Credito IVA da dichiarazione omessa. Si pronunciano le Sezioni Unite.

A volte certe vicende tributarie sembrano non avere mai fine.

Parliamo stavolta della questione della utilizzabilità di un credito IVA in caso di dichiarazione omessa. Col conseguente mancato riporto del credito e quindi la sua perduta tracciatura nel sistema dei controlli automatizzati dell’Agenzia delle Entrate.

Dopo un lungo periodo di approccio formale al problema (nel senso di considerare il credito perso o comunque attivabile solo con una procedura di rimborso) da molto tempo ormai la giurisprudenza aveva virato verso una impostazione sostanzialista. Il credito poteva essere portato in compensazione, qualora esistente e documentabile, anche in assenza dell’adempimento dichiarativo. Non secondario il fatto che nel frattempo la normativa partire dal D.Lgs. n. 313 del 1997 fosse cambiata, non prevedendo espressamente la perdita del credito in caso di dichiarazione omessa.

Anche la prassi, con cautela, aveva preso atto di questo orientamento della Corte di legittimità. La stessa Agenzia delle Entrate, prima con la circolare n. 34/E del 6 agosto 2012, poi con la circolare N. 21/E del 25 giugno 2013 aveva riconosciuto questa impostazione.

Nella prima circolare ancora si pretendeva venisse attivata la procedura prevista dall’ultimo periodo del secondo comma art. 21 del D.Lgs. n. 546/1992, con un ricorso da chiudere poi in conciliazione giudiziale.

Nella seconda si semplificava il procedimento con il riconoscimento del credito in fase di controllo automatizzato (con la procedura del preavviso di irregolarità). Dunque, anziché richiedere l’effettuazione del pagamento seguita da un’istanza di rimborso, si è consentito agli Uffici di “scomputare” direttamente l’importo del credito medesimo dalle somme complessivamente dovute in base alla originaria comunicazione di irregolarità e, conseguentemente, ai sensi del comma 2 dell’articolo 2 del d.lgs. 18 dicembre 1997, n. 462, di emettere una “comunicazione definitiva” contenente la rideterminazione delle somme che residuano da versare a seguito dello scomputo operato.

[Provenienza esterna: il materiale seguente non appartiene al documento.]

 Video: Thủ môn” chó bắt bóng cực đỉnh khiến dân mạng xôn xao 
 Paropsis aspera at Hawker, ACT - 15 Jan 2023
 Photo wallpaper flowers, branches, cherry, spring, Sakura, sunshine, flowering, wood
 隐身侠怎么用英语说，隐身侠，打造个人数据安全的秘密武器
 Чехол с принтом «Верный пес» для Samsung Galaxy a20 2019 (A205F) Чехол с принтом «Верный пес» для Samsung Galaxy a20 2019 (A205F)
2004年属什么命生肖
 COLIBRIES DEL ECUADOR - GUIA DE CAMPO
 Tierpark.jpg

Fermo restando che sono comunque dovuti gli interessi e la sanzione contestata ai sensi dell’articolo 13 del d.lgs. n. 471 del 1997 sulla parte di credito effettivamente utilizzata. Con qualche dubbio residuo su una sanzione comminata per omesso versamento a fronte di un versamento non dovuto, una volta che si sia riconosciuto il credito.

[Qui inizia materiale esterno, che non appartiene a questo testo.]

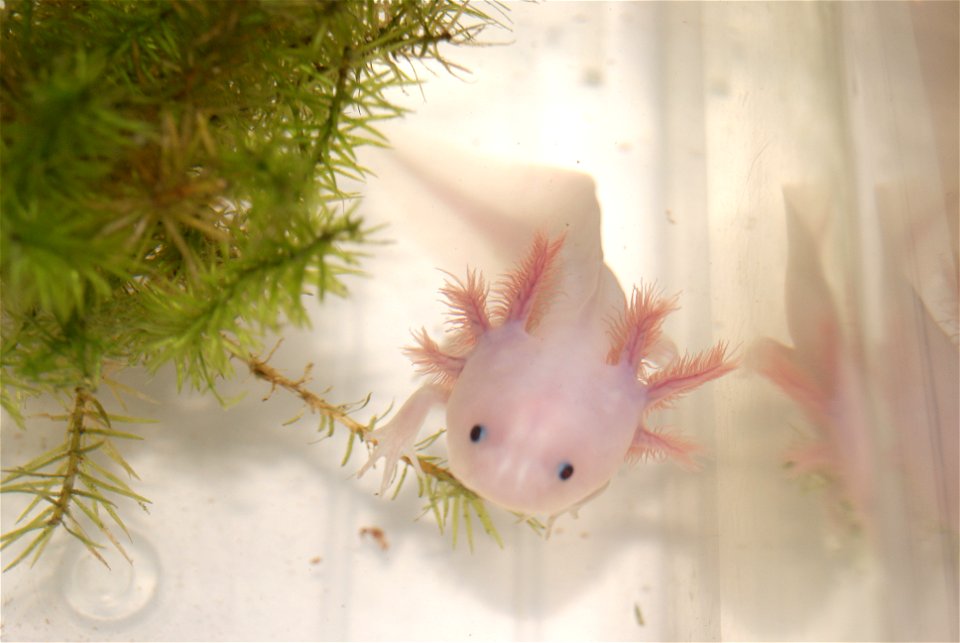 Axolotl(Ambystoma mexicanum)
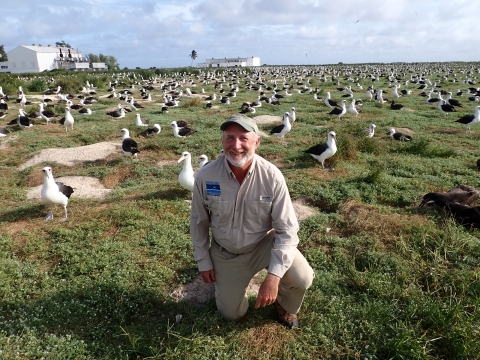 Jon Plissner kneeling on grassy field in a colony of Laysan albatross at Midway Atoll.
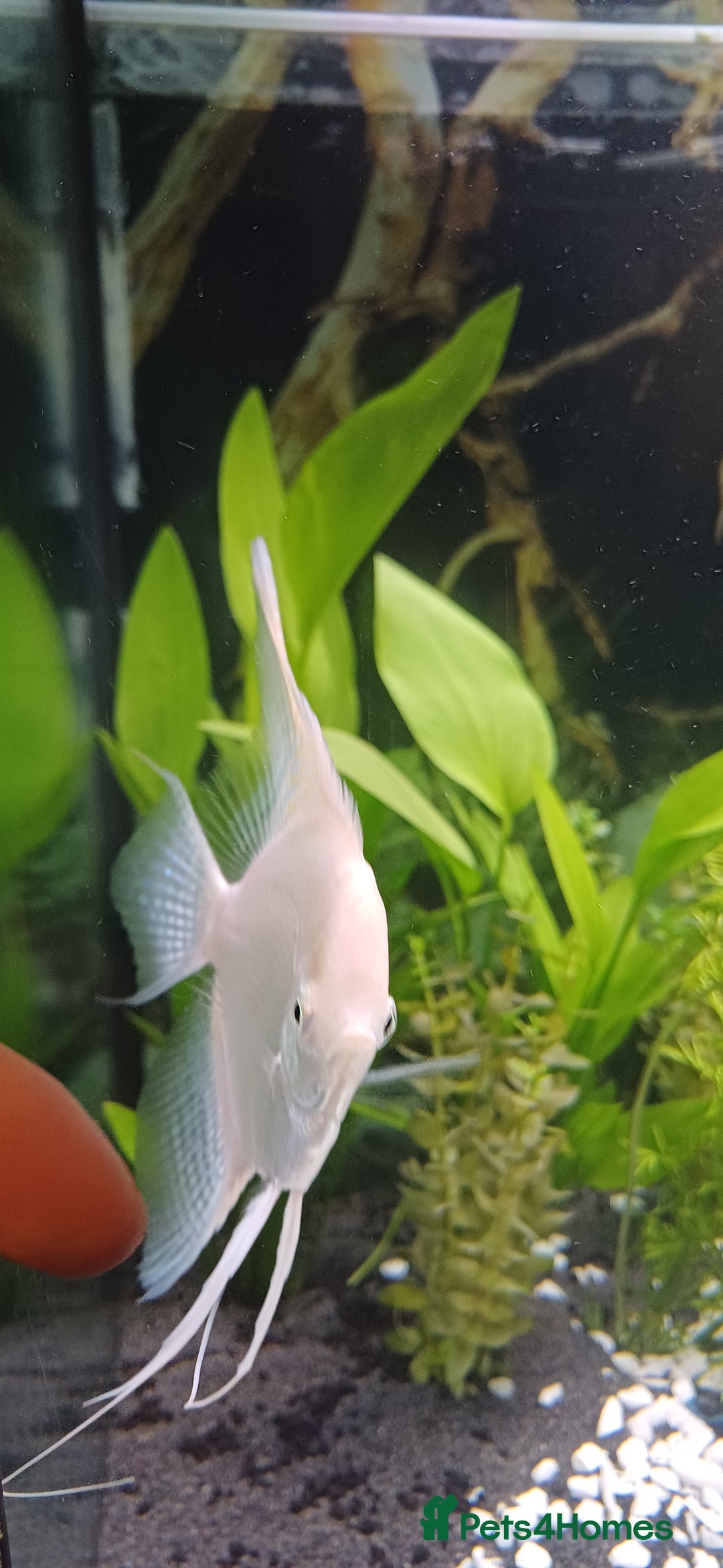 Angelfish fish for sale: White platinum blushing angelfish  - Image 9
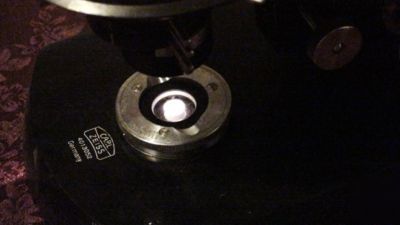 Rare zeiss standard wl trinoc pol microscope 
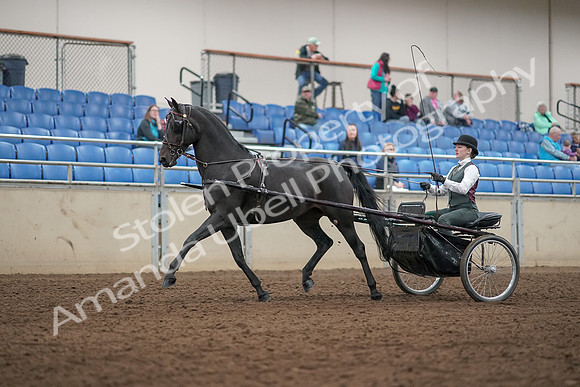 2019 Morgan Horse Show - Aug 31, 2019 - 04664
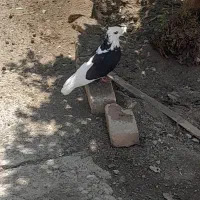 شازده پرشتی
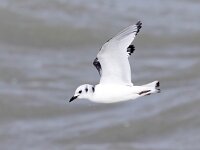 Rissa tridactyla 74, Drieteenmeeuw, Saxifraga-Bart Vastenhouw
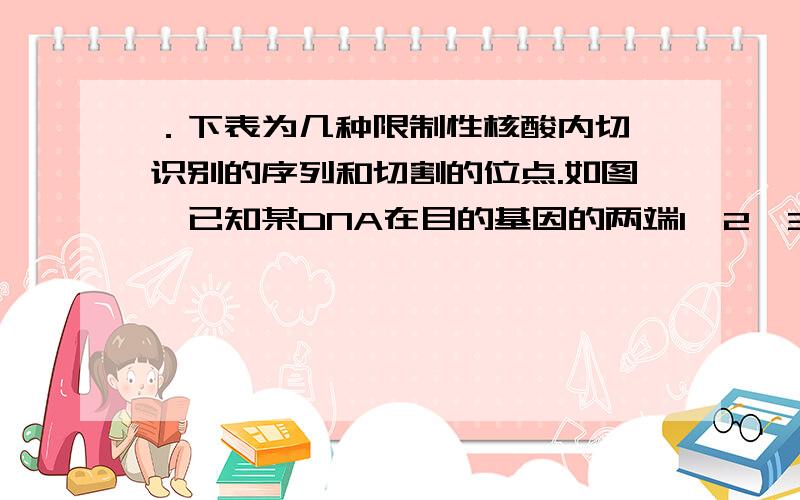 ．下表为几种限制性核酸内切酶识别的序列和切割的位点.如图,已知某DNA在目的基因的两端1、2、3、4四处有BamHⅠ或E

Ma, nondimeno, qualche sentenza della Suprema Corte, anche negli anni più recenti ha continuato, con l’inerzia e il “copia-incolla” che notiamo talvolta in giurisprudenza, a seguire l’orientamento più datato, creando una situazione di non completa certezza che il recente filone, più in linea coi principi della Corte UE e con lo Statuto del Contribuente si fosse realmente consolidato.

Finalmente la questione è stata rimessa alle Sezioni Unite della Corte di Cassazione che con la Sentenza n. 17757 del 8 settembre 2016 spiegano compiutamente il perché il credito IVA non si possa perdere per l’omissione di un adempimento formale (la dichiarazione) ancorché importante. E che coniugano alla fine il seguente principio di diritto : «La neutralità dell’imposizione armonizzata sui valore aggiunto comporta che, pur in mancanza di dichiarazione annuale, l’eccedenza d’imposta – risultante da dichiarazioni periodiche e regolari versamenti per un anno e dedotta entro il termine previsto per la presentazione della dichiarazione relativa al secondo anno successivo a quello in cui il diritto è sorto – sia riconosciuta dal giudice tributario se siano stati rispettati dai contribuente tutti i requisiti sostanziali per la detrazione; pertanto, in tal caso, il diritto di detrazione non può essere negato nel giudizio d’impugnazione della cartella emessa dal fisco a seguito di controllo formale automatizzato, laddove, pur non avendo il contribuente presentato la dichiarazione annuale per il periodo di maturazione, sia dimostrato in concreto – ovvero non controverso – che si tratti di acquisti fatti da un soggetto passivo d’imposta, assoggettati a IVA e finalizzati a operazioni imponibili».

E’ una conferma quindi dell’orientamento più recente e, riteniamo, anche indirettamente della prassi ad esso ormai correlata.